I have played at clubs where people shout and scream at each other on the course, where they drop fag packets and empty beer tins, where they dress in any pirate rig that suits them both on the course and in the clubhouse, where they hack the ball around and holler like baboons when it flys onto another fairway. 

If people want to spend their leasure time in this type of environment then join a club that allows it, for me I prefer to spend my time amongst people with good manners and standards, I pay a lot for my membership but find it worthwhile due to the fact that I am a member of a club that maintains the type of standards I prefer.

The members are not elete, they are from all types of trades and proffessions and are a very friendly crowd indeed. I expect some personal insults over this post but I am just as entitled to my views on the subject as anyone and will state and defend them.
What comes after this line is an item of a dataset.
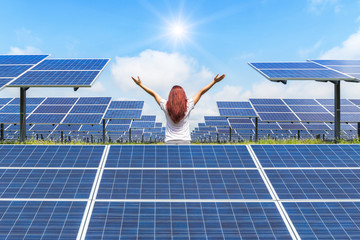     Solar power station with asian women standing raised up arms celebrate.  Ecology concept.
Puts on flameproof suit and stands braced.
		
Click to expand...

Surprised you would expect personal insults ? as for your views, yes sir you surely are entiled to air your view on the subject, thats what makes this a great forum , i have read your post a couple of times & i still dont know how it relates to the OP tho .. our club has the good standard of dress & behaviour, members dont need diciplining , we dont throw beeer cans etc around the place , the membership is made up of a massive cross section of society who all behave & are friendly , very relaxed & easy going in the clubhouse but neat dress is required etc , i dont know how the refrence to people shouting , droping beer cans etc relates in any way to the captain insisting he plays 1st tho ? you will find everything you say you like in our club & id say in most clubs that the forumers are part of , captain wont barge past you tho .. i apologise but i am slightly puzzled by the post & it relevence .. smiffy & chris obviously got it , im sorry but i dont , can you please tell me how it relates to the OP ? thanks


----------



## Snelly (Nov 23, 2011)

Thanks for this thread all.  Quite an interesting read.

Erudite posts full of common sense from Hobbit, Socket Rocket and surprisingly admirable stance from Chris.  Totally agree with Murph too.

Craw and Dodger's interjections are pretty typical and further evidence that both have a massive chip on their shoulder relating to most things English but specifically, golf clubs of a certain standing in the south of England, their members, rules and traditions.  Furthermore, any chance to belittle or criticise them is siezed upon faster than a dropped fiver on a Glasgow pavement!   It is obvious that this is the case and equally apparent that there is no compromise or consensus with the likes of me.   We are opposite ends of arguments like this so not much point arguing the toss as an agreement is impossible.


That said and for what it is worth, my own twopenneth is that if I was on the 1st tee at a club and the Captain arrived, I would offer him the courtesy of the first tee straight away.  This is surely the right thing to do - it is just good manners. 

I would not mind if the Captain accepted or declined the offer either.  They are the Captain and they have certain perks.  

That said, if they demanded to come through in an ungentlemenly fashion, I would have a quiet word with them in the bar afterwards about the level of courtesy they used when taking up their 1st tee perk. 


PS - Jeans at a golf club are just wrong.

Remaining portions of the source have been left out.